Wednesday, September 26, 2012

Saturday Morning at the Fair

My Saturday morning at the Mother Earth News Fair was delightful. The rooms at Seven Springs were gorgeous, log cabin style accommodations. My "pet friendly" room was not what people expect (AKA smoking room on the first floor). Instead it was a super clean, smoke-free room complete with a ground-level door out to a dog exercise area complete with doggie baggie stations and bins for clean up. Pretty nice for the traveling dog owner, and nicer still for the hotel not to have canines running amok.

Gibson did a bit of running amok. He loves elevators. Soon as one opens he jets inside, spins around, and just smiles back at you. It's on you to race in with him or else he ends up on some mystery floor and you have the second act of a bad romantic comedy. So I did a lot of running into elevators. There's never a dull moment with a Border Collie on board.

After a team breakfast with the rest of the Storey Authors I started exploring the fair. I walked through the ALBC tents first, to meet the animals who had come along with their farmers on exhibit. There were sheep, llamas, goats, alpacas, chickens, cows, geese and pigs inside that space along with booths to ask any question you wanted about everything from milking techniques to bacon yields. I spent most of my time eyeing a flock of beautiful Leicester Longwools from West Virginia and left with a naturally colored gray ball of roving to try out on my wheel when I got home.

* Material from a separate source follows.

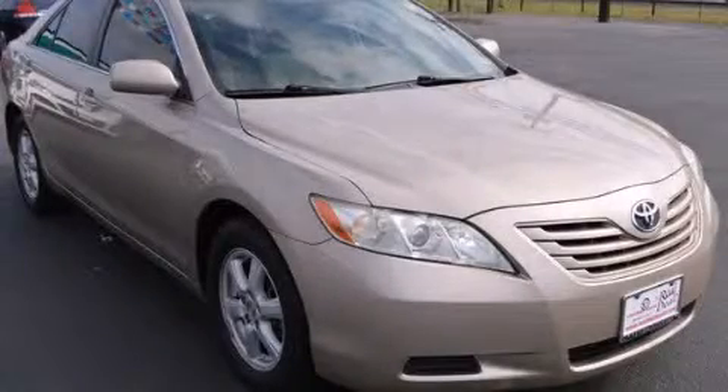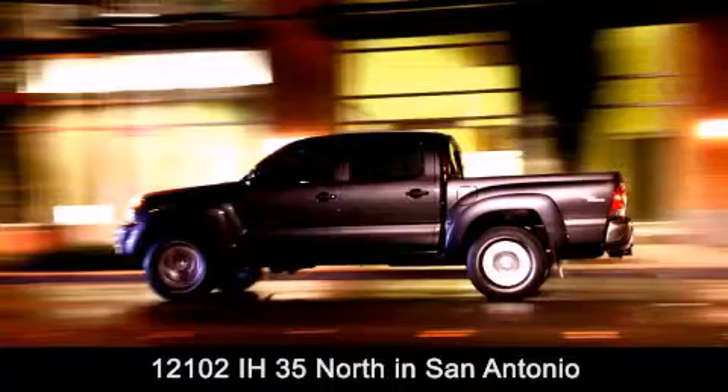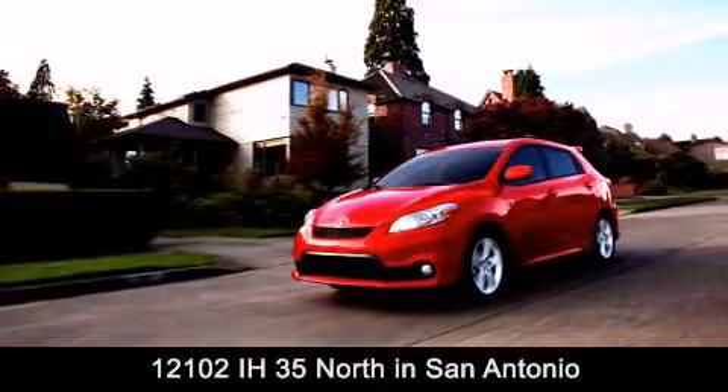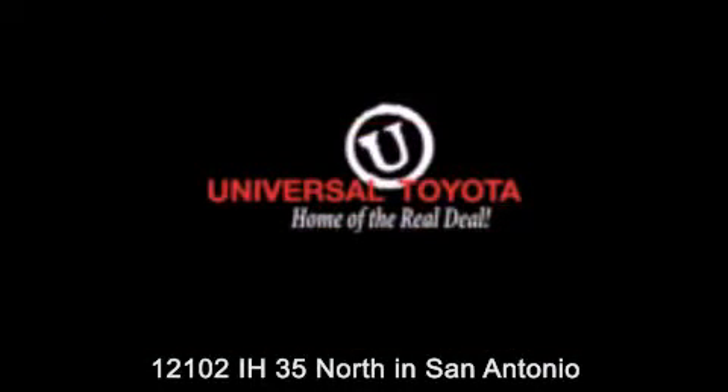Stop by today and test drive this automobile for yourself. Universal Toyota is conveniently located at 12101 Interstate Highway 35 North in San Antonio. Contact us to find out about our specials or visit us at universaltoyota.com. Universal Toyota, home of the real deal.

Since I already dropped fifteen dollars, I decided to spend another ten and then call it quits for the day. I got six bags of seeds from Southern Seed Exchange (who was running a special) and pocketed them like magical golden tickets in a chocolate bar. Out of all the things I could buy at the fair—and there was everything from tee shirts to llamas— I was thrilled about a winter harvest of kale, hearty lettuce, and other greens. I think this means I'm growing up.

Shopping done I made my way to the indoor conference room where, believe it or not, eight chickens were going to die in front of 600 people. If that sounds a little horrific or exploitive, it wasn't. This was a demonstration of chicken harvesting equipment and a detailed instruction from Joel Salatin. For those who know me, you know that hearing Joel speak (Even about chicken guts) is a treat and an honor. I look up to that man, very much so. And I wasn't alone in my admiration either, there were literally hundreds of people, from little kids to a few elderly Amish couples listening in on the best ways to process their birds. Everyone had baited breath...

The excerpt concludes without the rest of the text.